FIFA maintained after an executive committee meeting that it wanted exceptions for football and other team sports, including exemptions from testing for one day per week and during holiday periods.

It also advocated limits on the ‘whereabouts’ rule that allows anti-doping authorities to locate athletes daily for testing, insisting in a statement that only the location of a team, and not of individual players, should be provided.

WADA director general David Howman and president John Fahey last month ruled out immediate changes to out-of-competition drugs testing for athletes, underlining that the rules were new and softer than those used before.

FIFA president Sepp Blatter revealed that football’s governing body was sending a new letter “today” to WADA on the issue.

“We’re surprised that through certain statements there won’t be exceptions whatever the sport.
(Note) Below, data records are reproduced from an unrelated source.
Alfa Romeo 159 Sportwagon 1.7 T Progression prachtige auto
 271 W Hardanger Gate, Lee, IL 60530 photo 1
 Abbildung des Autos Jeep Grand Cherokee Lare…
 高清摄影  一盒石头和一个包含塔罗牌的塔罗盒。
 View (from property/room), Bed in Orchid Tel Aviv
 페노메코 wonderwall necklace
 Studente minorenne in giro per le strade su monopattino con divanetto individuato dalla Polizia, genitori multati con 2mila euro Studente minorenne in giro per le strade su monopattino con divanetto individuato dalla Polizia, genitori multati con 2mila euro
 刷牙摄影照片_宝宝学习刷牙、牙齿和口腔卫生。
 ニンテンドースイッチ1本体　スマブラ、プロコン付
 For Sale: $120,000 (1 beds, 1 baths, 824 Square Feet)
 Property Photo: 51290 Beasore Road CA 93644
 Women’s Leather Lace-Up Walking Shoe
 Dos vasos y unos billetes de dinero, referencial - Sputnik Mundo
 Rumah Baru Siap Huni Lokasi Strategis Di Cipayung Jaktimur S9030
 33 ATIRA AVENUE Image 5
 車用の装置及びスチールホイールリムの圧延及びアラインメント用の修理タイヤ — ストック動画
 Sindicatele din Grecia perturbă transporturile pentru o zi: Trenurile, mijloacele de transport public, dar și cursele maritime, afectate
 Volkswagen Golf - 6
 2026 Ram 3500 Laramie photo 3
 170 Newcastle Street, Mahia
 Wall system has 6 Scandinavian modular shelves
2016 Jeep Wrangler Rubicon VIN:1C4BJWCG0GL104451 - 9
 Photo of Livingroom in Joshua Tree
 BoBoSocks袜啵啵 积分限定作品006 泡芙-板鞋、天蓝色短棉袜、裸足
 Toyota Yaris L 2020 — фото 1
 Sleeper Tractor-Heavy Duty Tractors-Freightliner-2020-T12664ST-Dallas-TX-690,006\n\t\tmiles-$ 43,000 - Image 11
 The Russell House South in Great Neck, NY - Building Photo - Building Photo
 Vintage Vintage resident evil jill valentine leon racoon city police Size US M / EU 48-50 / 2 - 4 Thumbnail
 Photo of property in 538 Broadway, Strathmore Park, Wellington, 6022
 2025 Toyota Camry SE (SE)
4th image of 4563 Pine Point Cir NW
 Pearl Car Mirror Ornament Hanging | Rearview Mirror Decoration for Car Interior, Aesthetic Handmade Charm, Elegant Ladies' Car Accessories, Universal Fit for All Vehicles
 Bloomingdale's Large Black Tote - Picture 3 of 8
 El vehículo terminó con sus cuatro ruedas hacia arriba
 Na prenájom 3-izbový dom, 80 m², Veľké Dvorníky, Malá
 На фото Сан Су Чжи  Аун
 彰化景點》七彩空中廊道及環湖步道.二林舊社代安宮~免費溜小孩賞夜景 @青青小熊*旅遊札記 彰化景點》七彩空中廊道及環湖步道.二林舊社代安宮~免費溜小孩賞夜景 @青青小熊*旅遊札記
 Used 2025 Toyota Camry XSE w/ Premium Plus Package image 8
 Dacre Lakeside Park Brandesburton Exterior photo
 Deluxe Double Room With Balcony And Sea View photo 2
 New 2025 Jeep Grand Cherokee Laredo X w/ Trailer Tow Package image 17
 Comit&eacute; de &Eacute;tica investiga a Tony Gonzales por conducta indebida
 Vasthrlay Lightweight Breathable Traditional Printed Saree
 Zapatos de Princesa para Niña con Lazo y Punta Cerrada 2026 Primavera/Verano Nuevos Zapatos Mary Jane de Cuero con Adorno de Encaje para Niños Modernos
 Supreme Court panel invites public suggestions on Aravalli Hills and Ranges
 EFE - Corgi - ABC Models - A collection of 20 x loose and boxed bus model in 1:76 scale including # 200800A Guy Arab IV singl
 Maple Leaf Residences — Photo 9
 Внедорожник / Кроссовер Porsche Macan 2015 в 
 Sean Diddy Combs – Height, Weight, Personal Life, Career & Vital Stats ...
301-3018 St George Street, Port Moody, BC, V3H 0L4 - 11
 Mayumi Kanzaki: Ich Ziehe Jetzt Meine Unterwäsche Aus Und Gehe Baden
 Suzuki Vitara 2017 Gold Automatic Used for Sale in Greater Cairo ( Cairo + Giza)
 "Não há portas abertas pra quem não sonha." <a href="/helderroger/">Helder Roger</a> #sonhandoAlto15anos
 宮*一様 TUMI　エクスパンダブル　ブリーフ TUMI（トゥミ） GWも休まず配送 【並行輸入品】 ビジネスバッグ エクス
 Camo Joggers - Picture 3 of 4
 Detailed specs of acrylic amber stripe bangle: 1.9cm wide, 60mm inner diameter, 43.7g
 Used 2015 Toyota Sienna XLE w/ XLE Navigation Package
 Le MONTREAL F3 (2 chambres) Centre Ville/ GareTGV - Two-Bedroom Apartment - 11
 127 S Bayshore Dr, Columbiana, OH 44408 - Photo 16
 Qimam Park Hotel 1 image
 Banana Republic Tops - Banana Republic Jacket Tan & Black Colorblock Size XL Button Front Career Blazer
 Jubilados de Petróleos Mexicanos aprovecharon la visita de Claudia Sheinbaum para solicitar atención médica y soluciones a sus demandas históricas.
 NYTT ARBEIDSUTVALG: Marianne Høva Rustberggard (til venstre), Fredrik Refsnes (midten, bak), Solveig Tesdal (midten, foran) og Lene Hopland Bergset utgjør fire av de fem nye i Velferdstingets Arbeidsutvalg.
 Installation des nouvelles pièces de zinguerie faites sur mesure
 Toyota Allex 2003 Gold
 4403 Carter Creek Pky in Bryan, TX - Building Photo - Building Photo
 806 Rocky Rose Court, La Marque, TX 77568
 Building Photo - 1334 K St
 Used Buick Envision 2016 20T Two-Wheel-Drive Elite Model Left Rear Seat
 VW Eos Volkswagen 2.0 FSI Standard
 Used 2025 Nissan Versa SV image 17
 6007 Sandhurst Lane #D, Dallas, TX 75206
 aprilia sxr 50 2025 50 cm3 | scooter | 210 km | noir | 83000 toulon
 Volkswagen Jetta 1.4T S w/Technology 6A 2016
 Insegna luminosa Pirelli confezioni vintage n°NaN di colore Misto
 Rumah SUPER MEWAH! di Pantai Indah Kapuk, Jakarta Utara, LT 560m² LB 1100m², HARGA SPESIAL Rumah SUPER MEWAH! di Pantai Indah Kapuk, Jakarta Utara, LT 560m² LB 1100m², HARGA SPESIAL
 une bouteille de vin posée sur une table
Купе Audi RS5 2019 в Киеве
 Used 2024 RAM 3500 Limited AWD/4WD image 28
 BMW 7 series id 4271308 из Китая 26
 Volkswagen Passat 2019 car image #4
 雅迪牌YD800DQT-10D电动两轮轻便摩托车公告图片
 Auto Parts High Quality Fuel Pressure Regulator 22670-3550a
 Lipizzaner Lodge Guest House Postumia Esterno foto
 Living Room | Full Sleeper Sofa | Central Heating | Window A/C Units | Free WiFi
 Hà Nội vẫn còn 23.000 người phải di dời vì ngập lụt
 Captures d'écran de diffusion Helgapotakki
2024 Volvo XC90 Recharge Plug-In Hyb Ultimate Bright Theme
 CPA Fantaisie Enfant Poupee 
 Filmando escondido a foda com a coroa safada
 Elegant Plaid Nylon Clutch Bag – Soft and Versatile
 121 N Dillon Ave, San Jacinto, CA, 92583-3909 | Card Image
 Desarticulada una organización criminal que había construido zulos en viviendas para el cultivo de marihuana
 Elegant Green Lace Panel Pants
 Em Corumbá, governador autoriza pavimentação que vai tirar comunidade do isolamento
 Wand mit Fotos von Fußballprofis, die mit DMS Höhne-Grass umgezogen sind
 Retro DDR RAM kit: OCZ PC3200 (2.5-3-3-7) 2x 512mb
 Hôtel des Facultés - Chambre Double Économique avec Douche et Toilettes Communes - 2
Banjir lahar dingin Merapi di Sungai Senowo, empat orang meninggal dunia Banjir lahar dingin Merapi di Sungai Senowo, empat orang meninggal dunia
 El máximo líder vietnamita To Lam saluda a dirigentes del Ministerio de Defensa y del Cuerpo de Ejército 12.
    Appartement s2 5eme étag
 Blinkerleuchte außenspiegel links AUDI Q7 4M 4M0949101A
The team sports are in total agreement,” he added.

“It’s not a question of not fighting doping, but one should not have a witchhunt.”

Since the beginning of January, elite athletes are required to give notice of their location on a chosen one-hour period each day, seven days a week, under the world anti-doping code.

European football chief Michel Platini has criticised the ‘whereabouts’ rule and suggested a 20-day ‘holiday’ for football players during their off-season break.

But during a seminar in Lausanne on February 24, Fahey said that amounted to a “part-time” approach that could jeopardise the integrity of the anti-doping test process.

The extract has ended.